Dr. Ed Stetzer, the dean of the School of Mission, Ministry, and Leadership at Wheaton College serves as executive director of the Billy Graham Center, and he took to Twitter to address the issue. 

"The Bible autograph news is a made up controversy," he wrote. "In some places, particularly the south, people ask you to sign their Bible. I've signed several. Most have other signatures already on the same page. Media friends, just b/c @POTUS does a thing does not make it disrespectful."

Stetzer also explained how he has been asked to sign Bibles after speaking engagements, writing "I am not a big fan of the idea, to be honest. So, I almost always reply, "Well, I did not write that book, so you probably don't want me to sign it." If they persist after my deflection, I write a short note on the cover page, write my favorite Bible verse, and move on."

The website Slate.com also posted an article about Trump signing Bibles, but it pointed out that other celebrities in the evangelical world are asked to sign Bibles, including Tim Tebow. 

CBN Chief Political Analyst David Brody knows about the president's Christian faith.  He co-authored the book The Faith of Donald J. Trump which was released in 2018.

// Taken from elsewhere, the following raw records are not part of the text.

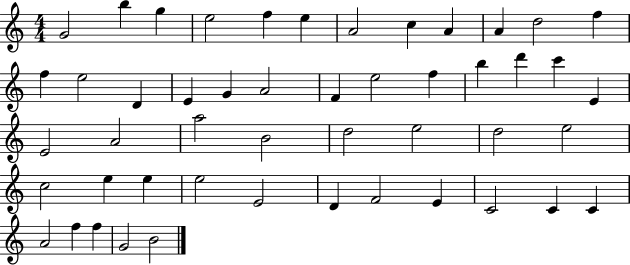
X:1
T:Untitled
M:4/4
L:1/4
K:C
G2 b g e2 f e A2 c A A d2 f f e2 D E G A2 F e2 f b d' c' E E2 A2 a2 B2 d2 e2 d2 e2 c2 e e e2 E2 D F2 E C2 C C A2 f f G2 B2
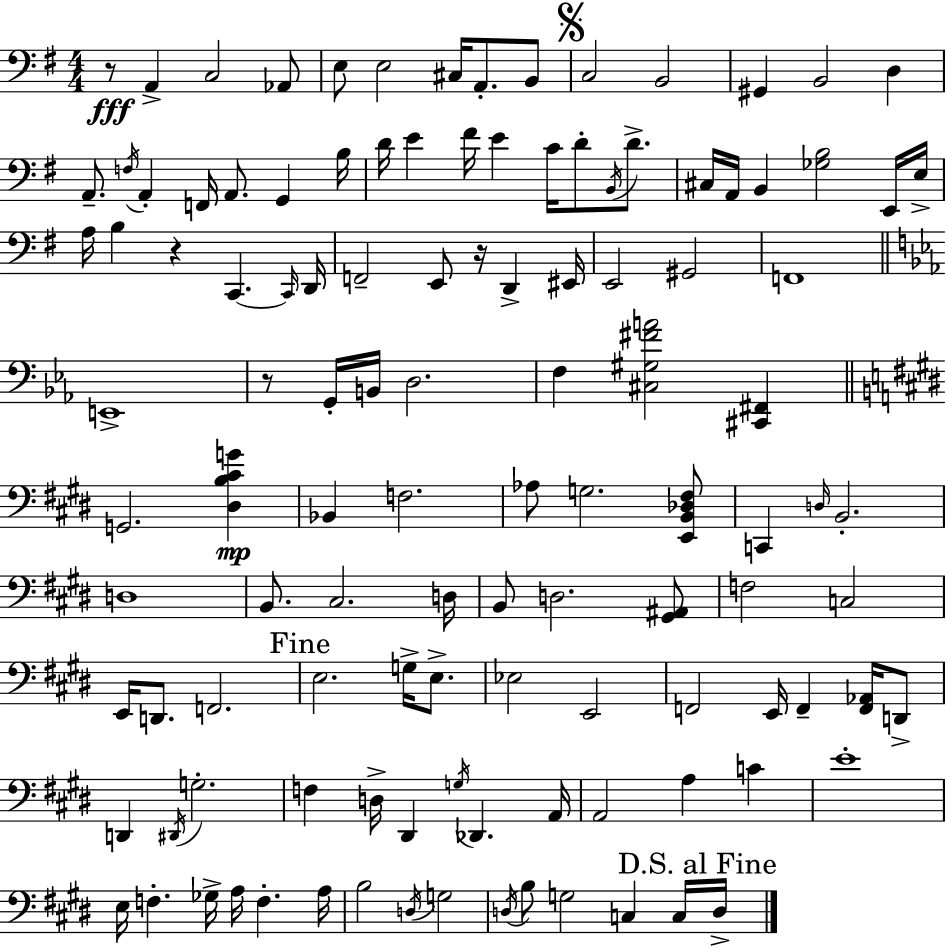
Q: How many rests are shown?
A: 4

While covering stories for CBN News in 2011 about private citizen and later presidential candidate Trump, Brody reports he showed great respect for the Bible. Brody shared on Twitter about what Trump told him about his faith.  

FLASHBACK: @realDonaldTrump tells me the following in 2011: "I believe in God. I am Christian. I think the Bible is certainly, it is THE book." Then he explains how people send him Bibles and keeps them in a, "very nice place."

FLASHBACK: my interview with @realDonaldTrump in 2011: "I get sent Bibles by a lot of people...actually, we keep them at a certain place. A very nice place...there's no way I would ever throw anything, to do anything negative to a Bible..." 

Former Arkansas Gov. Mike Huckabee on Sunday also fired back at critics who said they were "outraged" at the president signing Bibles.  He took to Twitter writing, "most" of these people "don't read one or believe in it so why do they care" other than it's President Trump who did it. "I've been asked to sign thousands of Bibles over the yrs-because person asked. I never claimed to be the author! Get a grip!"